(DATA RECORDS begins)

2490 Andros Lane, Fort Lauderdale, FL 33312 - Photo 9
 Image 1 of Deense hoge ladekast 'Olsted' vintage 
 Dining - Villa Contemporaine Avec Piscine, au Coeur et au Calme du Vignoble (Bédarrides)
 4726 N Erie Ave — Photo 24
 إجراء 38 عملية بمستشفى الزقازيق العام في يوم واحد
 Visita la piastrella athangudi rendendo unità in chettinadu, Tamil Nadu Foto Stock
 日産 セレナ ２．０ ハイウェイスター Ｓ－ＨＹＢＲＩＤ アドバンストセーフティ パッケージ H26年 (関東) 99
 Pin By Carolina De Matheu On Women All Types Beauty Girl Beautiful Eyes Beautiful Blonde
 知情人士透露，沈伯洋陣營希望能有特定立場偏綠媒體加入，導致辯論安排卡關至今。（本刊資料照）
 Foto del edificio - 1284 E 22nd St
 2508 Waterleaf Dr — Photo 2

(DATA RECORDS ends)

(ACTIVITY)
The answer is all of the material, given again exactly.

(OUTPUT)
2490 Andros Lane, Fort Lauderdale, FL 33312 - Photo 9
 Image 1 of Deense hoge ladekast 'Olsted' vintage 
 Dining - Villa Contemporaine Avec Piscine, au Coeur et au Calme du Vignoble (Bédarrides)
 4726 N Erie Ave — Photo 24
 إجراء 38 عملية بمستشفى الزقازيق العام في يوم واحد
 Visita la piastrella athangudi rendendo unità in chettinadu, Tamil Nadu Foto Stock
 日産 セレナ ２．０ ハイウェイスター Ｓ－ＨＹＢＲＩＤ アドバンストセーフティ パッケージ H26年 (関東) 99
 Pin By Carolina De Matheu On Women All Types Beauty Girl Beautiful Eyes Beautiful Blonde
 知情人士透露，沈伯洋陣營希望能有特定立場偏綠媒體加入，導致辯論安排卡關至今。（本刊資料照）
 Foto del edificio - 1284 E 22nd St
 2508 Waterleaf Dr — Photo 2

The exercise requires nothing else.